### ACTION ITEM
Omit the images, then repeat the listing exactly.

### COLLECTED MATERIAL
--------------------------------

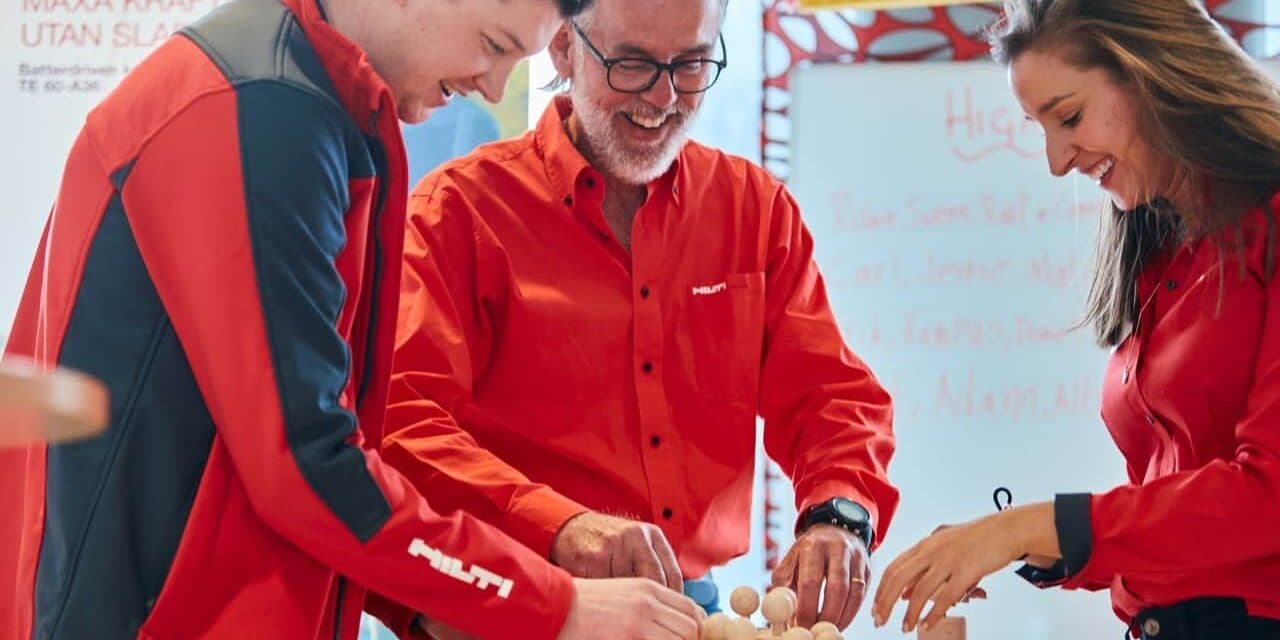 Medarbetare från Hilti står runt ett bord.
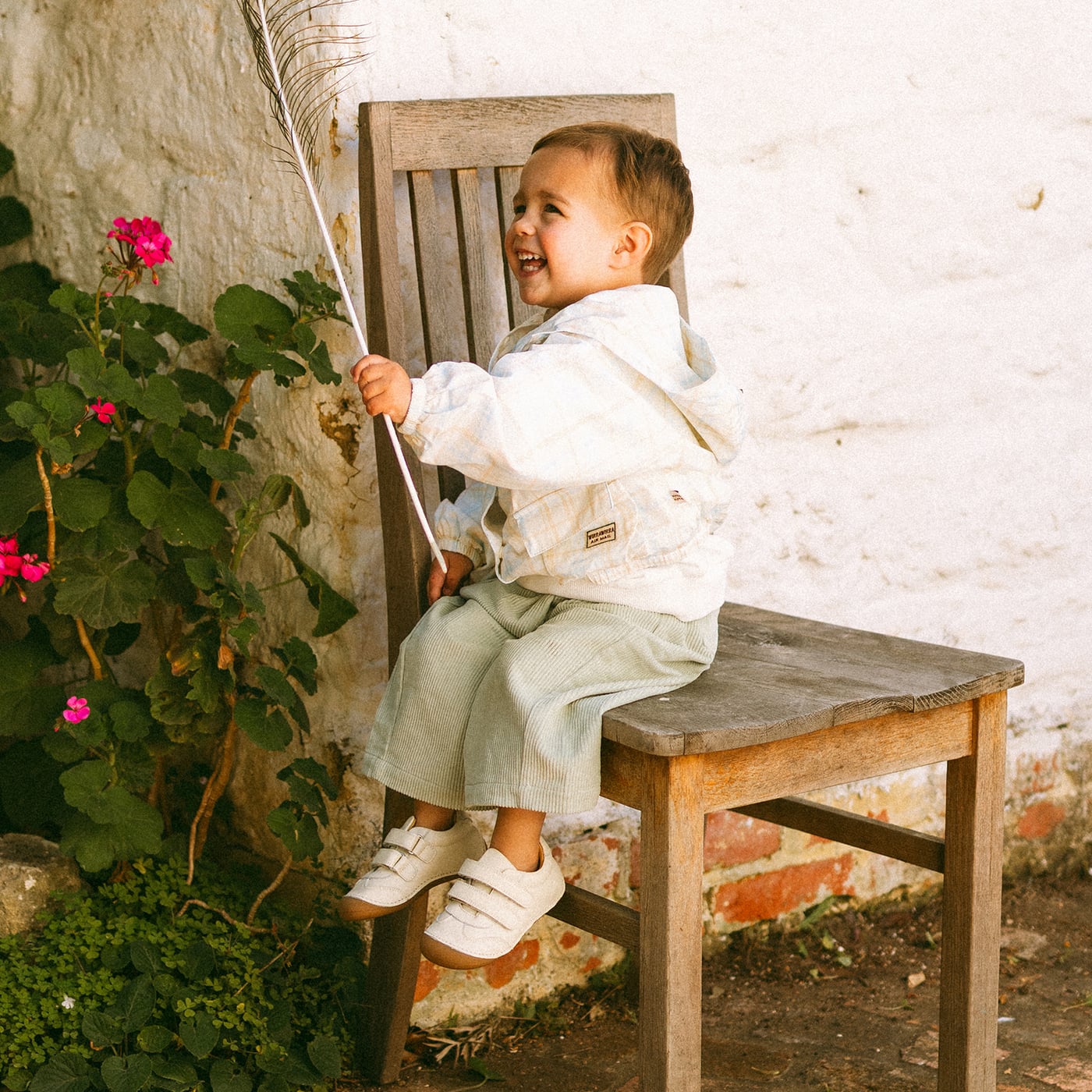 Eimile - Creamy White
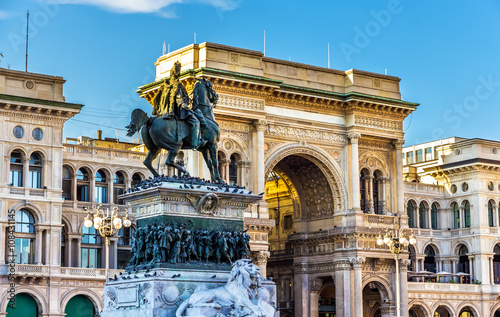 Galleria Vittorio Emanuele II in Milan photo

--------------------------------

### EXERCISE OUTPUT
 Medarbetare från Hilti står runt ett bord.
 Eimile - Creamy White
 Galleria Vittorio Emanuele II in Milan photo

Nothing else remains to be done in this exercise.